Jorge Sanjinés nasceu em La Paz, capital da Bolívia, em 1936 [1]. Estudou filosofia na Universidade Mayor de San Andrés. Em 1957 estudou cinema no Chile, onde realizou um curta-metragem que foi musicalizado por Violeta Parra. Entre 1958 e 1959, estuda no Instituto Cinematográfico da Universidade Católica no Chile, onde realiza três curtas-metragens. Retorna à Bolívia em 1961. Entre 1965 e 1966, dirige o Instituto Cinematográfico Boliviano[2].

Entre 1962 e 1965 realiza vários curtas-metragens: Sueños y realidades (1962), Una jornada difícil (1963) e Revolución (1963), curta-metragem de 10 minutos que recebeu o Prêmio Joris Ivens 1964 em Leipzig. Filma também os média-metragens Un día paulino e ¡Aysa! (1964). Nesse período, junto a Óscar Soria, fundam as bases do grupo cinematográfico que mais tarde se conheceria como Grupo Ukamau, nome do primeiro longa-metragem do grupo realizado em 1966.

Logo se uniram ao grupo Ricardo Rada e Antonio Eguino. O Grupo Ukamau fundou a primeira Escola Fílmica Boliviana em 1961. Organizaram também o Cineclube Boliviano, primeira instituição de Cine-Debate na Bolívia e o Primeiro Festival Fílmico Boliviano na Universidade Mayor de San Andrés.

O cinema de Sanjinés é um cinema de denúncia, um cinema a serviço do povo indígena, um cinema de luta contra o imperialismo[3]. Jorge Sanjinés é talvez o diretor de cinema mais importante da Bolívia. Suas obras de forte conteúdo político tem sido reconhecidas no mundo todo (Cannes, Veneza, Leipzig, Cuba, entre outros)[4].

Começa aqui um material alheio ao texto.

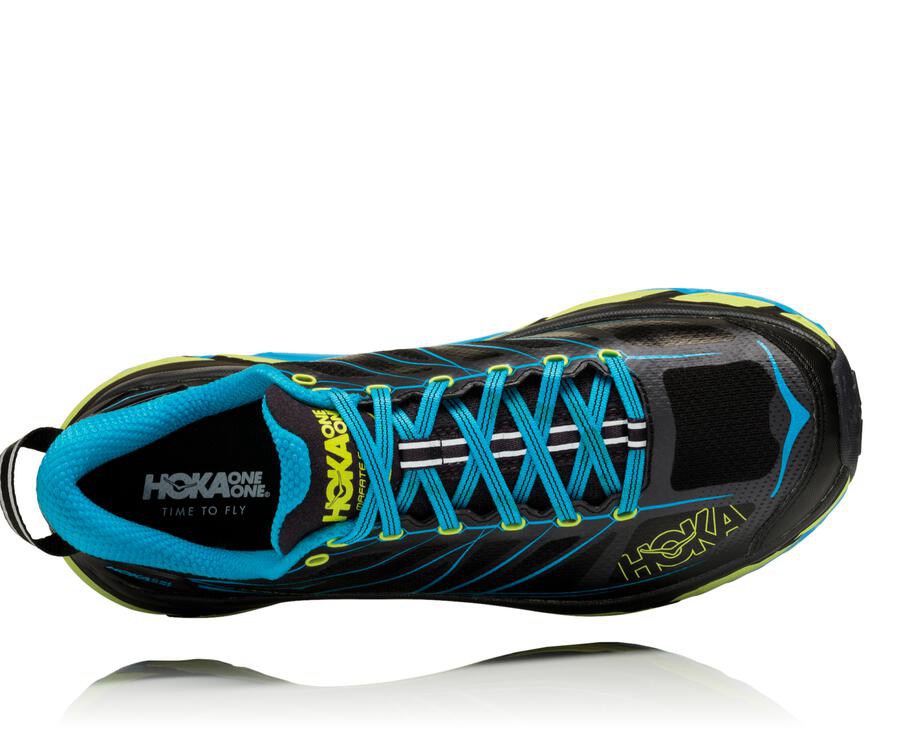 Tenis Hoka One One Trail Hombre Negros/Azules - Mafate Speed 2 - TDFS65401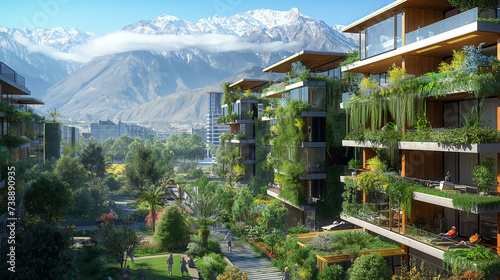 Futuristic ecological city with high end technology and vegetation around photo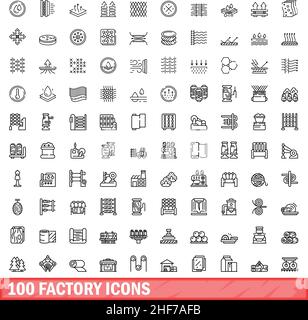 100 werkseitige Symbole eingestellt. Skizzieren Sie die Darstellung von 100 werksseitigen Symbolen, die auf weißem Hintergrund isoliert eingestellt sind Stock Vektor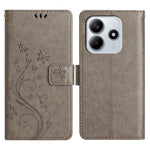 For Xiaomi Redmi Note 14 5G Leather Wallet Case Butterfly Flower Imprinted Phone Cover with Strap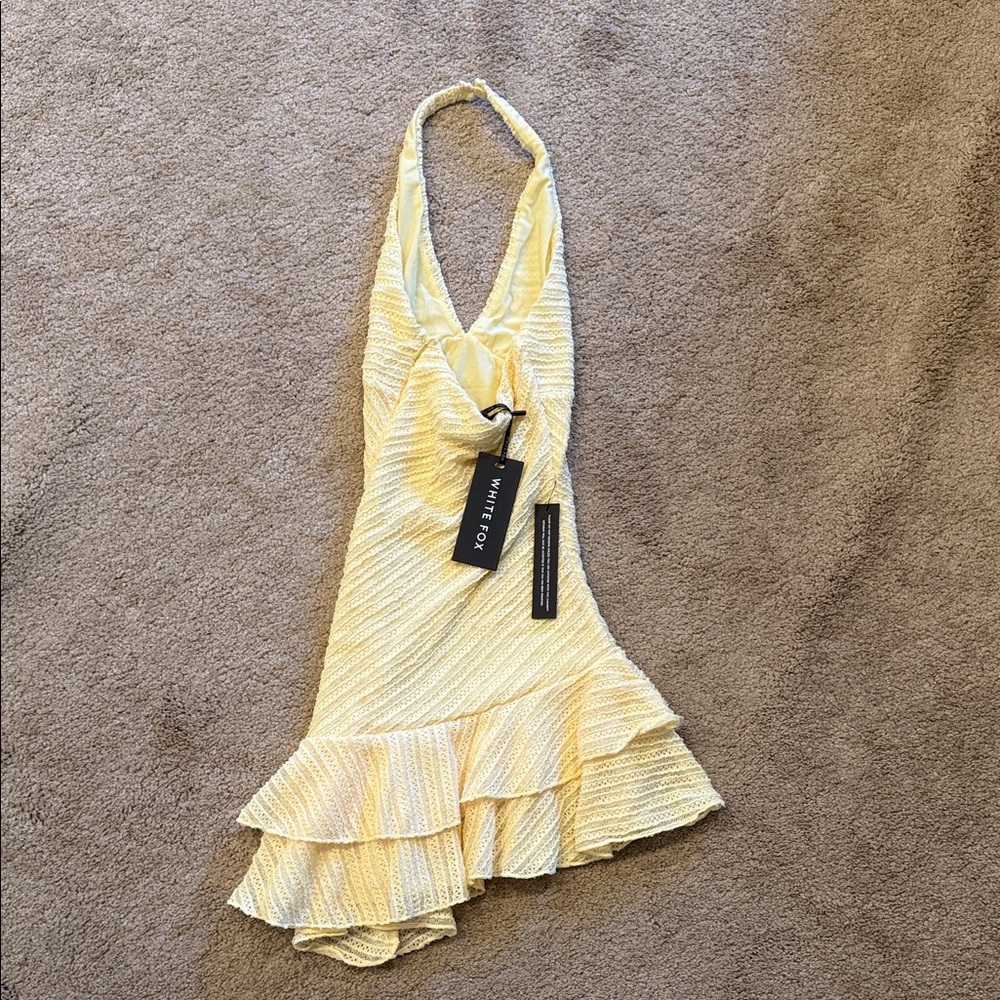 White Fox Boutique Pale Yellow Mini Dress - Picture 2 of 4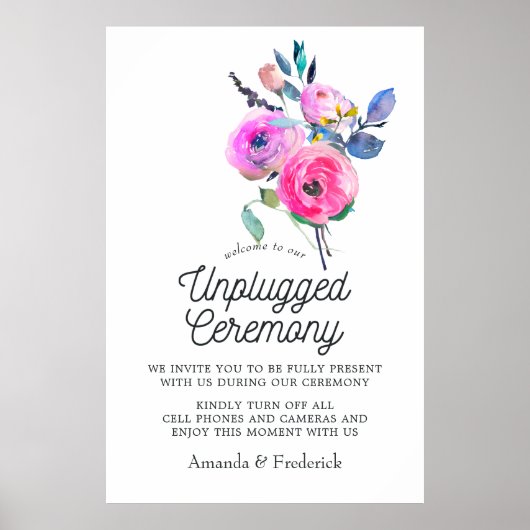 Hot-roze Floral Unplugged Ceremony Poster (Voorkant)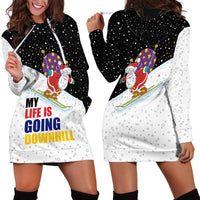 Santa Claus Ski My Life Is Going Downhill Christmas Hoodie Dress Xmas Holiday Patterns - Wonder Print Shop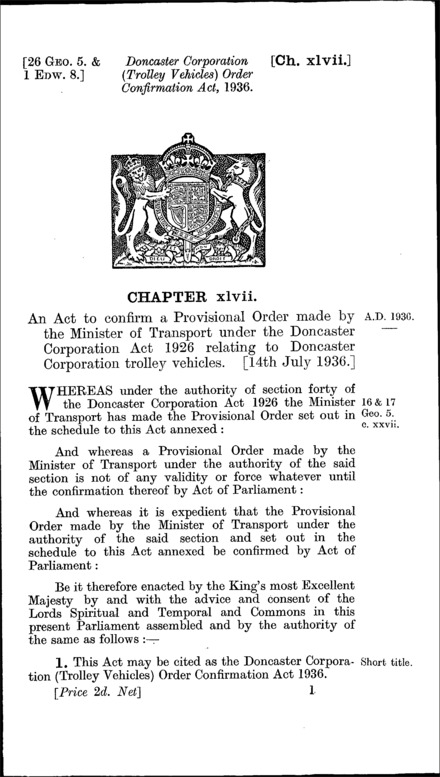 Doncaster Corporation (Trolley Vehicles) Order Confirmation Act 1936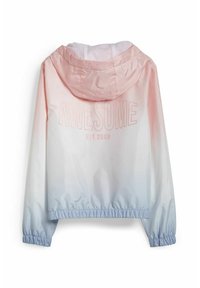 Lettere, hættejakke med en pink til blå gradient. Har elastiske manchetter og kant, samt trykt "AWESOME EST.2008" på ryggen.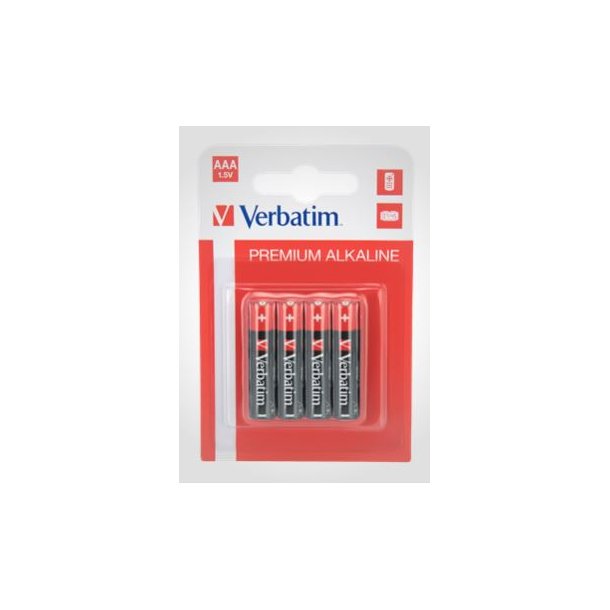 Batteri Verbatim Alkaline AAA/LR03 1,5V (4 stk.)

Jorge Sanjinés continua a produzir filmes. Lançou em 2016 Juana Aazurduy - guerrillera de la patria grande, e mantém o Instituto Ukamau em La Paz.

Filmografia[editar | editar código-fonte]

Curtas metragens[editar | editar código-fonte]
  • Sueños y realidades (1962)
  • Revolución (1963)


Longas metragens[editar | editar código-fonte]
  • Ukamau (1966)
  • Yawar Mallku (1969)
  • El coraje del pueblo (1971)
  • Jatum auka (1973)
  • ¡Fuera de aquí! (Llocsi caimanta) (1977)
  • Las banderas del amanecer (1983)
  • La nación clandestina (1989)
  • Para recibir el canto de los pájaros (1995)
  • Los hijos del último jardín (2004)
  • Insurgentes (2012)
  • Juana Azurdy – La guerrillera de la Pátria Grande (2016)

Ligações externas[editar | editar código-fonte]

Referências[editar | editar código-fonte]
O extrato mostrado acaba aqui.